The redeveloped Sarjeant Gallery will be home to a beautiful Yamaha baby grand piano thanks to a generous gesture made by concert pianist Helen Gordon QSM, nee Collier, niece of artist Edith Collier.
“Helen Gordon has gifted the piano to the Edith Collier Trust and it will be available for the gallery’s use in perpetuity,” Sarjeant Gallery relationships officer Jaki Arthur said.
“The Yamaha baby piano, which is actually about a metre and a half wide and 5′6″ [1.68 metres] in length, will allow the gallery to host concerts by world-class classical musicians and performers.”
Arthur has visited Gordon twice at her home in Taihape.
“Helen had a marvellous career as a concert pianist and travelled the world,” Arthur said.
“She married farmer Ron Gordon when she was 33, and they had three sons and lived on a sheep station out of Taihape. They were happy, but every now and then Helen would ‘exit stage left’ for a period to go overseas to play at various recitals, benefits and concerts, sometimes at the invitation of the New Zealand government. Ron was very supportive of Helen’s career.”
In 1985, Helen Collier (Gordon’s professional name) played to an audience of VIPs in Washington DC. It was the first concert in the city’s Spring Concert series, and then-NZ Prime Minister Bill Rowling was present.
“It was at the time of the nuclear ban, and Bill Rowling was very anxious that we have a successful concert and make a good impression,” Gordon said.
“It was a wonderful concert and I was in my best form. I worked really hard for it and think it was one of my best, but I was scared stiff at the start.”
Forty years on, Gordon still plays her grand piano for personal enjoyment and entranced Arthur with a private recital in her living room. As a 4-year-old, Gordon loved the piano and was keen to practice on her parents’ English piano.
“Right from the word go, I wanted to play. We all learned piano from my dear mother, and when we visited the aunties in Whanganui, we all had to line up and play our pieces. Aunt Edith played the cello, but it was always the piano for me. I loved hearing other instruments but had no wish to play them and, although I love singing, I had no wish to sing. I love choir music, but as regards the piano, I am one-track-minded.”
Playing the piano brought some solace when she and her siblings were sent to boarding school in New Plymouth during World War II. Gordon remembers feeling very homesick, cold and hungry because of food rationing.
“I used to just go in and play; the other girls didn’t bother. I had my own practice time and everybody else’s practice time.”

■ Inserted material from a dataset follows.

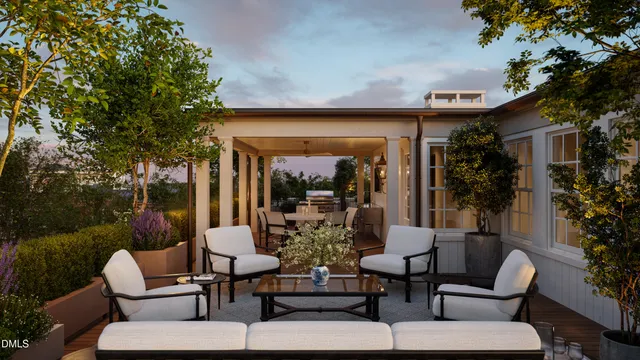 a view of a patio with couches table and chairs and potted plants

The Collier family was very musical; an aunt played the piano extremely well, as did her grandfather, who owned one of the first music shops in Whanganui (inside the Collier building at 57 Victoria Ave) and another in New Plymouth with his brother.
“They were both very good musicians and I know they did a lot for music here. They brought in sheet music and used to import hundreds of pianos.”
Gordon trained in New Zealand, Australia and Vienna. After completing her LRSM in New Zealand, she studied for three years on a New Zealand government bursary at the Conservatorium of Music in Sydney and for a further three years at the Vienna Conservatorium of Music, graduating in 1960. She performed all over Europe, Panama, Australia, Fiji and New Zealand, giving solo recitals and appearing on television and radio. She also performed with the New Zealand Symphony Orchestra and regional orchestras.
Gordon continued playing around New Zealand but found that a difficult fit with motherhood and family life. She took a few years’ break when she had her third child.
“When Johnny, aged 5, started school, I thought, ‘If I don’t pick it up again now, I never will’, so I did. Perhaps not to the same extent, but I played around New Zealand and overseas. But it was hard with the kids. I’d be practicing until 10pm at night. Johnny used to say, ‘I can’t go to sleep unless you practice, Mum’.”
Gallery director Andrew Clifford said the Sarjeant was “very grateful to Helen Gordon and the Edith Collier Trust for this extraordinary gift”.
“Having access to a piano of this quality is something the gallery could only have dreamed of. It goes without saying that Helen’s baby grand Yamaha piano will be treasured at the Sarjeant.
“It will be treated with every respect, and we have undertaken careful measuring to make sure it can fit in the lift, move across the interior air bridge, across galleries and through doors so it will be able to be seen and enjoyed all over the building.”